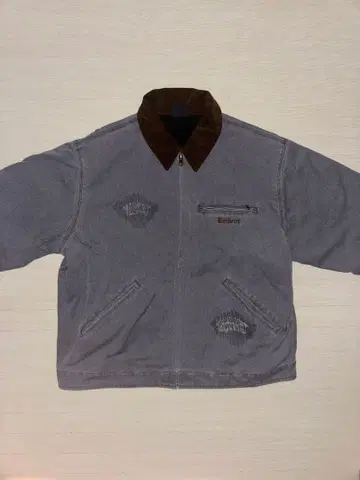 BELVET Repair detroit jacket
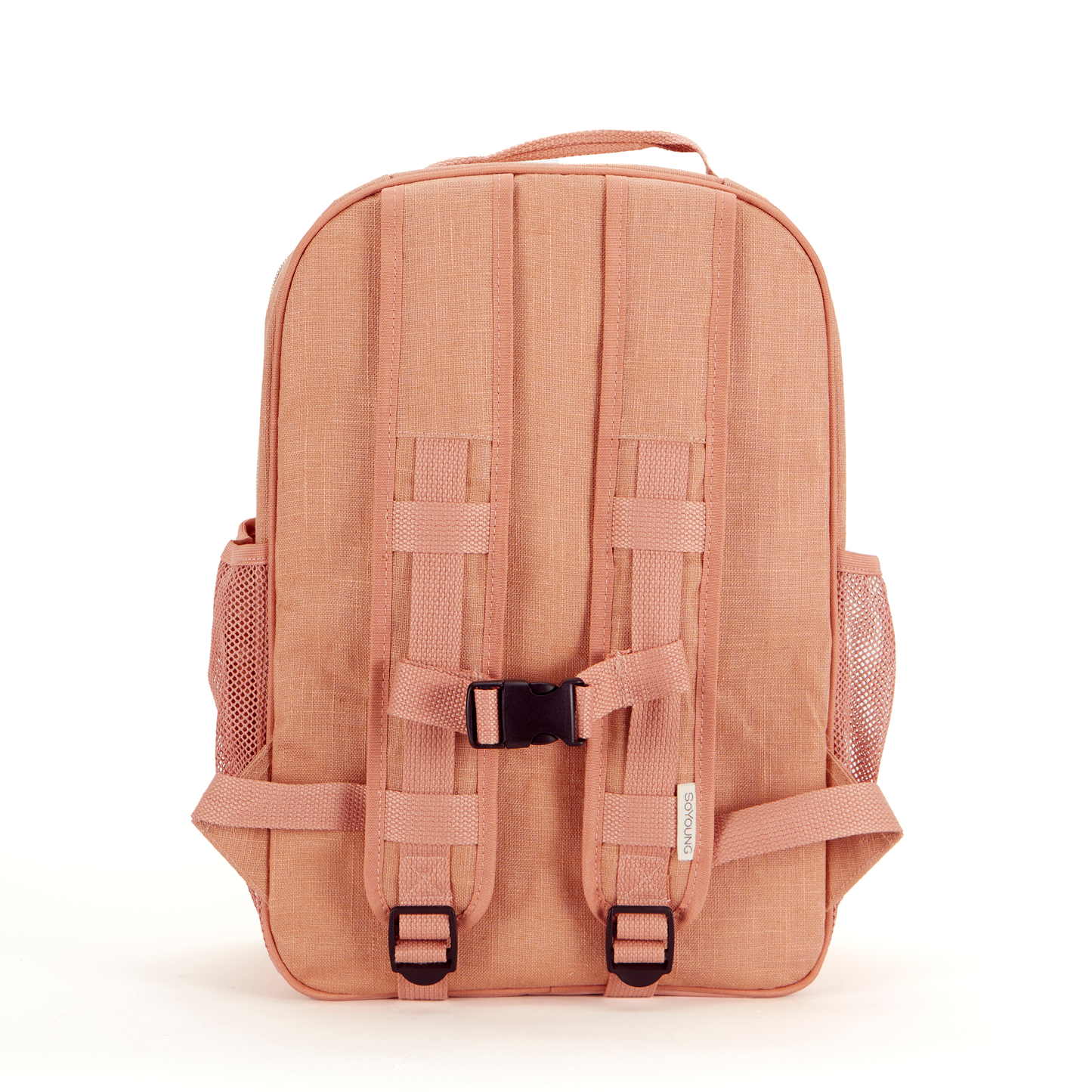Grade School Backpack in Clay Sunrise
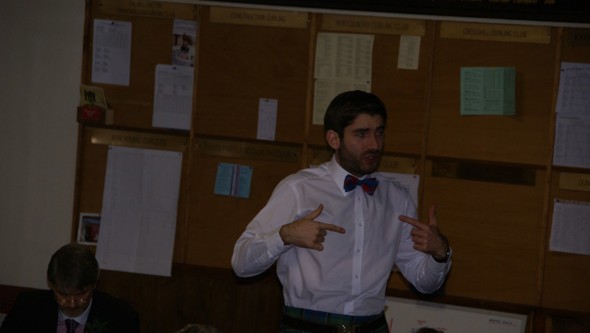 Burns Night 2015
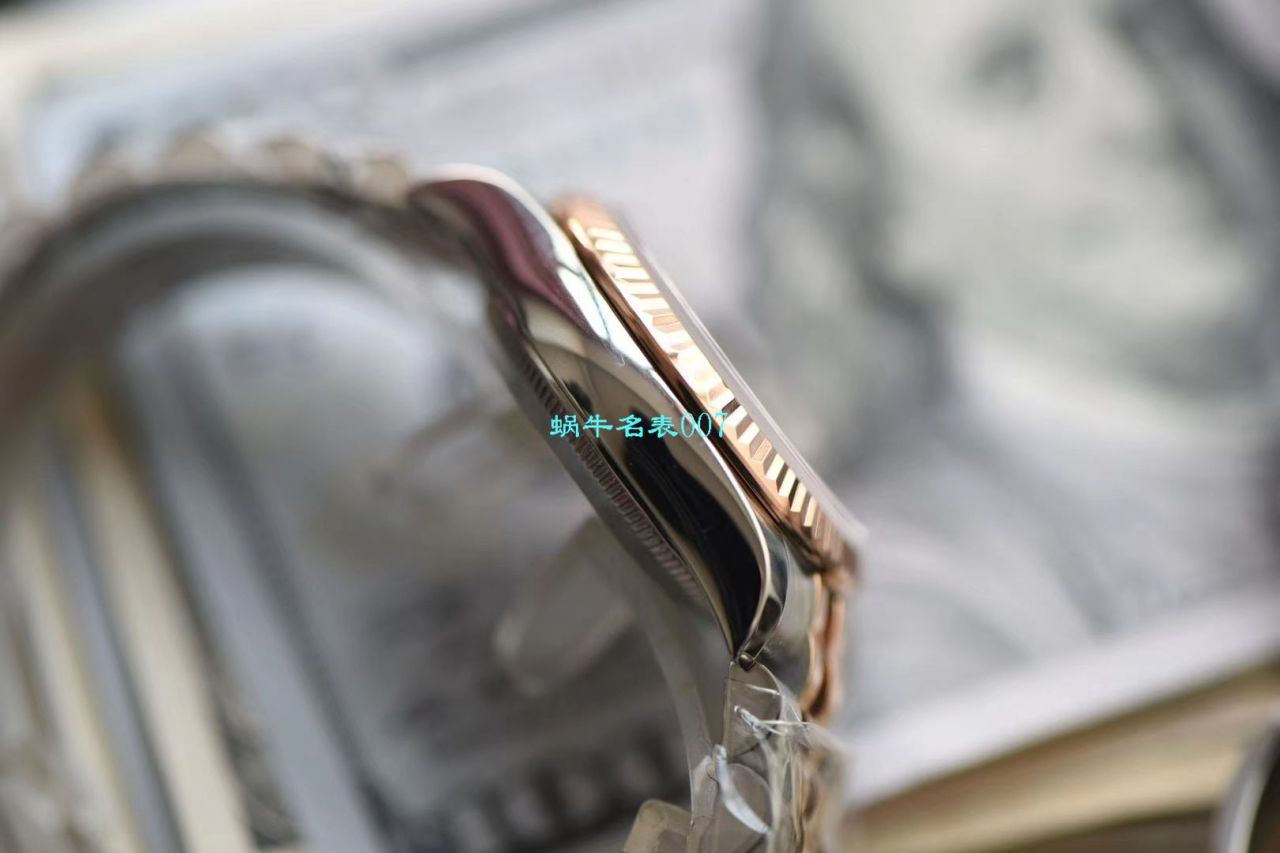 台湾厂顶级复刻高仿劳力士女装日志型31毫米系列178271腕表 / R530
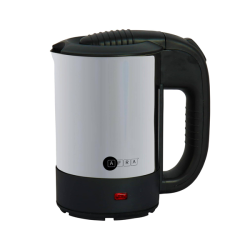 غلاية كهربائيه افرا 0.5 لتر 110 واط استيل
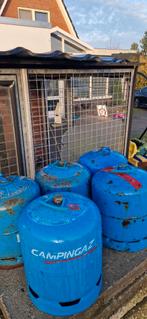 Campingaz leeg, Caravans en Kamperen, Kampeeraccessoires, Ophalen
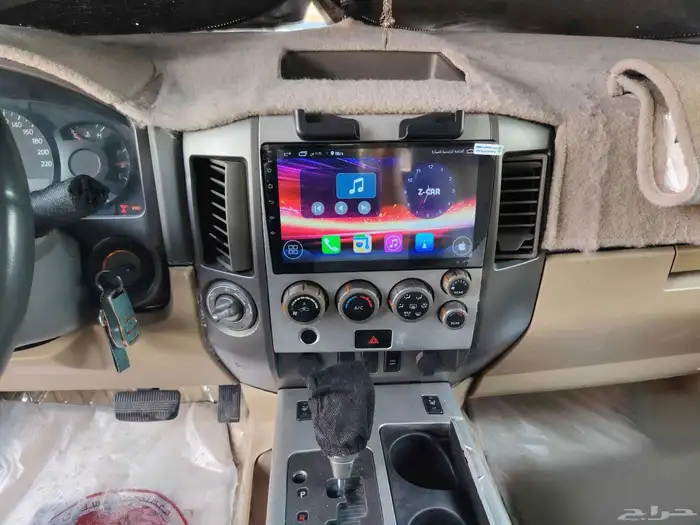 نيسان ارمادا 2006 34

++++++++++

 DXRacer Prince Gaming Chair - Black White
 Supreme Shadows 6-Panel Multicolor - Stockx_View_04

++++++++++

In the entries above, find the line with "BELVET Repair detroit jacket" and the line with "نيسان ارمادا 2006 34". Write out exactly those two lines and every line between them, pictures excluded.

 BELVET Repair detroit jacket
Grade School Backpack in Clay Sunrise
 Burns Night 2015
 台湾厂顶级复刻高仿劳力士女装日志型31毫米系列178271腕表 / R530
 غلاية كهربائيه افرا 0.5 لتر 110 واط استيل
 Campingaz leeg, Caravans en Kamperen, Kampeeraccessoires, Ophalen
 نيسان ارمادا 2006 34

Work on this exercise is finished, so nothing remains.